Mark Sainsbury on W. S. Merwin

W. S. Merwin
Photo by Laura Wilson

An Interview with Mark Sainsbury

by STEPHEN ENNISS

W. S. Merwin (1927–2019) was one of the leading American poets of his generation, a poet who in verse and in his manner of living engaged in a life-long reflection on our relationship to the natural world. During a highly productive career, he twice won the Pulitzer Prize for poetry and was the recipient of a National Book Award and the prestigious Tanning Prize from the Academy of American Poets. He twice served as United States Poet Laureate.

The Harry Ransom Center has acquired more than 600 letters W. S. Merwin wrote to his wife, Dido Merwin, between 1952 and 1970. After W. S. (Bill) and Dido Merwin’s divorce, Dido gave the letters to Mark Sainsbury for safekeeping. Now, more than 45 years later, Sainsbury, a professor of classics at The University of Texas at Austin, has placed this highly important literary correspondence at the Ransom Center, where it will be available for researchers interested in the life and career of this major American poet and the role Dido Merwin played in his formative years.

In the following interview, Sainsbury recounts how he first met Bill and Dido Merwin and shares his memories of their meeting and friendship.


STEPHEN ENNISS: When and under what circumstances did you meet W. S. and Dido Merwin?

MARK SAINSBURY: It was in France in 1964. I was 20, had just finished finals at Oxford, and was staying in a hotel in Carennac, a small town on the river Dordogne in the department of the Lot in the rural southwestern corner of the country. I needed to go to a bank to change money and discovered the nearest bank was about nine miles away, so I decided to hitchhike. A vicar stopped for me and insisted, despite my reluctance, on taking me to meet “other English” who lived nearby. Bill came to the roadside of his property and was polite but clearly did not want the vicar to make a habit of bringing arbitrary English people to their house. The next evening, Dido came to the hotel in Carennac, said they were so sorry to have seemed inhospitable the previous day, and insisted on taking me back to dinner. That was the first of many dinners over the years. Dido was a magnificent cook, and the vegetables came from Bill’s kitchen garden.

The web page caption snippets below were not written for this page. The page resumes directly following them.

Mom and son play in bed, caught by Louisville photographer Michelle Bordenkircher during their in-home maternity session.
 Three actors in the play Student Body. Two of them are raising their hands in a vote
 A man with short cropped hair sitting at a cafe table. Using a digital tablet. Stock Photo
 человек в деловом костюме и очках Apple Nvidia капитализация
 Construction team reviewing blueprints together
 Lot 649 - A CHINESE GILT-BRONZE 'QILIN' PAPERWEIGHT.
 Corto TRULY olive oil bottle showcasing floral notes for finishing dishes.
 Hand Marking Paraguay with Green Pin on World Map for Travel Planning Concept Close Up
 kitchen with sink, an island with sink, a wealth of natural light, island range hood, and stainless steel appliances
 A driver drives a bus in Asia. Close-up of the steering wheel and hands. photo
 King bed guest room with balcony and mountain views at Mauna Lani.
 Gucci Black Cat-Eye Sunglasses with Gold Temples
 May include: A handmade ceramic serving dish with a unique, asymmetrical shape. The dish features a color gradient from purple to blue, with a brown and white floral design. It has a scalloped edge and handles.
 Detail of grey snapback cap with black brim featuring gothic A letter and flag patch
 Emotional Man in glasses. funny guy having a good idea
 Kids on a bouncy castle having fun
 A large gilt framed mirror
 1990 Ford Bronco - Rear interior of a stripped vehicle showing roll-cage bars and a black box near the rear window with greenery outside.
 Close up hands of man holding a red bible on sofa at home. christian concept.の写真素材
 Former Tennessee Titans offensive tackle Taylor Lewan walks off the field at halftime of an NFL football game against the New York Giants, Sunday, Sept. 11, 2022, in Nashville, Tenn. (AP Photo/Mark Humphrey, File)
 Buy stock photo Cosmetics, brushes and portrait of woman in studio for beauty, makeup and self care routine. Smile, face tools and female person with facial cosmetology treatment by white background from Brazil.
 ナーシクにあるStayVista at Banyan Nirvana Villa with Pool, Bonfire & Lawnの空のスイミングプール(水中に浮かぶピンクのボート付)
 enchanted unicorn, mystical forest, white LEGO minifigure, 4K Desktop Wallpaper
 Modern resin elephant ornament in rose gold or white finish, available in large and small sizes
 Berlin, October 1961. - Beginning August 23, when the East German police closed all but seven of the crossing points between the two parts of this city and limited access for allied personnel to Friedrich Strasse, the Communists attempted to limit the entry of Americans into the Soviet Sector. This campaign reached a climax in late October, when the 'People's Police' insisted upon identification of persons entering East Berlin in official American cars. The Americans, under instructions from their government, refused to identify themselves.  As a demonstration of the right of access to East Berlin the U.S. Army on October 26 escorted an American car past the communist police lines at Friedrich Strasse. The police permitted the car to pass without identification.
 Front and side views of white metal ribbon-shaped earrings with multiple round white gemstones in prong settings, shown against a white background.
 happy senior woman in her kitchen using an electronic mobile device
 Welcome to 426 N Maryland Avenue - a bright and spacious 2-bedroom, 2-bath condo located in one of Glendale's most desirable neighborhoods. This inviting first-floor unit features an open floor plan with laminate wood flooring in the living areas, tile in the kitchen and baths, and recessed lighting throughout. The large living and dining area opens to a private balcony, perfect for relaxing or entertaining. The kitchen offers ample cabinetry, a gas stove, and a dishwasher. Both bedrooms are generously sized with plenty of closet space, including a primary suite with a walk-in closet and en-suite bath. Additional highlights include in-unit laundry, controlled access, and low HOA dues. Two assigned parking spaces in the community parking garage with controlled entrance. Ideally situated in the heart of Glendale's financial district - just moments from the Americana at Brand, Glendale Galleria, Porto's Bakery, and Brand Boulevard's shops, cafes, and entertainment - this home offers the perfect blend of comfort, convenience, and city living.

The friendship that began in 1964 continued with my trips to the region every year for many years and Dido’s visits to London, though I lost contact with Bill after their separation. My correspondence with Dido continued until her death in 1990. My friendship with her was strengthened by her love for Victoria, who came into my life in 1979, and whom Dido regarded as co-trustee of the letters.

SE: Much less is known about Dido. She had studied at the Royal Academy of Dramatic Arts and had a career in the theatre and as a playwright before her marriage. I imagine there were fewer opportunities to pursue her creative interests in rural France. How did they manage to make a living during these years?

MS: Dido was indeed involved in the theatre before she and Bill moved to Lacan de Loubressac in France. Her play (Always Afternoon) was put on in the West End by Frith Banbury (his archive is at the Ransom Center), and she and Bill co-wrote a play, also produced by Frith (Darkling Child). She worked on a movie with Jean Renoir (La Règle du Jeu), and later she contributed to a screenplay for a film version of Wild Duck (1983).

From the 1960s, she worked with the founders of Diptyque to create potpourri and other fragrances. She cared for the roses through the year, dried the petals, and added aromatics in late summer. She told me that the Diptyques (the two men who founded the company) told her, in their early negotiations: “Quant aux prix, les vôtres seront les nôtres”*.

Dido owned a house in St George’s Terrace, London, (at one point she lent it to Ted Hughes and Sylvia Plath, and it is where, Dido said, The Bell Jar was written). She sold the house in the mid-’60s and bought a house in the small village of Barrade, about 20 kilometers (12.5 miles) from their own house in Lacan.

Dido is now best known for her essay about Sylvia Plath: “Vessel of Wrath” in Anne Stevenson’s Bitter Fame. She told us that writing this extended her life: She was suffering from cancer but knew she had to keep going to finish the piece. She explained that the main point she wanted to make was that we should not infer from the fact that someone is a wonderful poet that they are a wonderful person.

Bill earned money from giving talks and from grants and fellowships. The talks were mainly in the U.S., so he spent a great deal of time away from Lacan. His frequent letters to Dido, almost daily at some points, show the strength of his love for her.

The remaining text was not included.